A supply as a control system, with AI/ML as a control feature

Kinaxis cofounder Duncan Klett drew on his training as an engineer to lay out his premise that a supply chain is a control system. One example we all know is auto cruise control, which adjusts the throttle to maintain the speed we set. A supply chain also fluctuates, but the “control” is our response, and delay is the killer in a supply chain, blowing it up and leading to the bullwhip effect. If we can build a digital model of the entire supply chain, he maintains we can reduce delays and respond better instead of waiting to react. Our concurrent planning approach at Kinaxis provides this digital twin, and he explained how we use machine learning in RapidResponse in many ways, to predict things like lead times and yields, automation to allow the planner to focus on the exceptions, feature engineering to figure out which factors are important, and to enrich the forecasts with an extended feature set. We are using Shapley values to increase interpretability of the features to build trust with users. Better supply chain execution is the goal, such as reducing inventory and stock outs.

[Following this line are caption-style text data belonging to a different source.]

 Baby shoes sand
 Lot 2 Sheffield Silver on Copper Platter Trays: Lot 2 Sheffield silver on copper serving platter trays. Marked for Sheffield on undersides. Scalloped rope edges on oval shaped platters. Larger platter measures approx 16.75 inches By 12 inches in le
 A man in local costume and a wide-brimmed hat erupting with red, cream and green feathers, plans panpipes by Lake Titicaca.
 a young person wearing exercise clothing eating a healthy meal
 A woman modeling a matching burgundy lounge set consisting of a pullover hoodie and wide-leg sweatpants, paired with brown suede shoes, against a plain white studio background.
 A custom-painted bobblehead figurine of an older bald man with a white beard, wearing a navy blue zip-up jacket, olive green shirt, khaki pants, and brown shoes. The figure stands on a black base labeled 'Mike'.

What is the forecast for AI/ML?

I have to go back tomorrow for the conference conclusion to hear the talk, “Forecasting Artificial Intelligence,” as well as to listen to the panel of speakers field questions from the audience about all the topics discussed. But given the scepticism on the value of AI/ML for forecasting I’ve heard from so many corners over many years, I was intrigued to hear genuine results reported today. If we can have reasonable expectations (no fairy dust allowed), then I agree with Makradakis’ positioning of Amara’s Law, that in the long run we are likely to have underestimated the effects of AI/ML for forecasting…and beyond.